Estas palabras, pronunciadas con tanta dureza, lograron tocar el corazón de todos los que veían el video. Más de uno terminó con los ojos llenos de lágrimas, suspirando por lo grande que puede ser el amor de un padre y una madre.
A pesar de que la hija adoptiva ya había perdido toda vergüenza y compasión, sus padres, lejos de reprocharle algo, salieron a defenderla y hasta rogaron por ella. ¡Eso sí que es amor incondicional!
—¡Esto es el colmo! ¿Quién es esa hija adoptiva? ¿Por qué, después de tantos días, nadie ha dicho su nombre? —protestaba la gente en redes.
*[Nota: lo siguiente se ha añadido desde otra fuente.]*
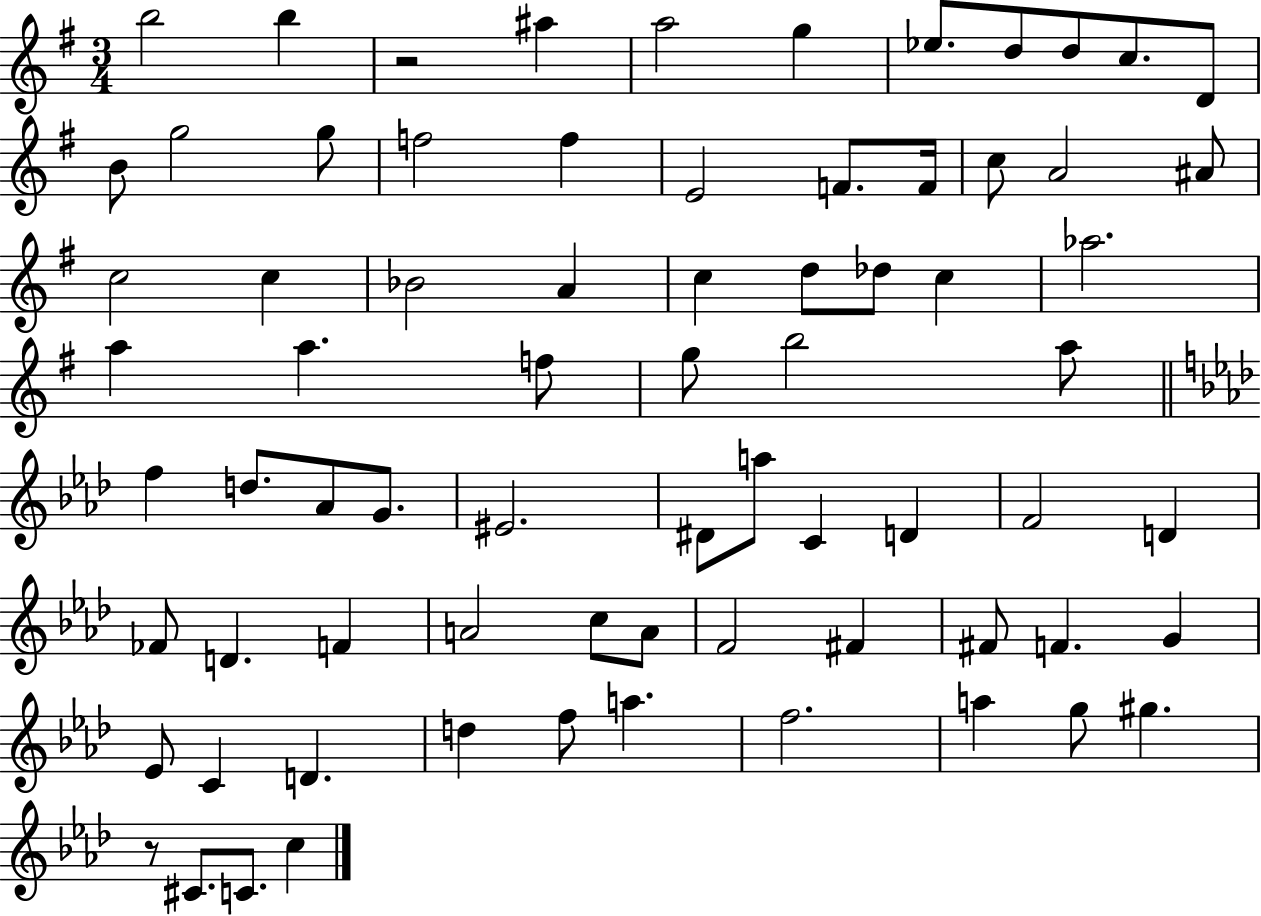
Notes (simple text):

—¡Me tiene tan indignado que ni hambre me ha dado en todo el día! —comentaba otro.
—Señor, señora, no se preocupen. El que obra bien, bien le va. El que obra mal, tarde o temprano lo paga —trataba de consolar alguien más.
—Según dicen, la hija adoptiva es la esposa de un empresario importante de Ciudad Real. Sus hijos son todos unos genios. ¡Quién iba a imaginar que alguien así podría tener familia! —agregaba una voz entre muchos.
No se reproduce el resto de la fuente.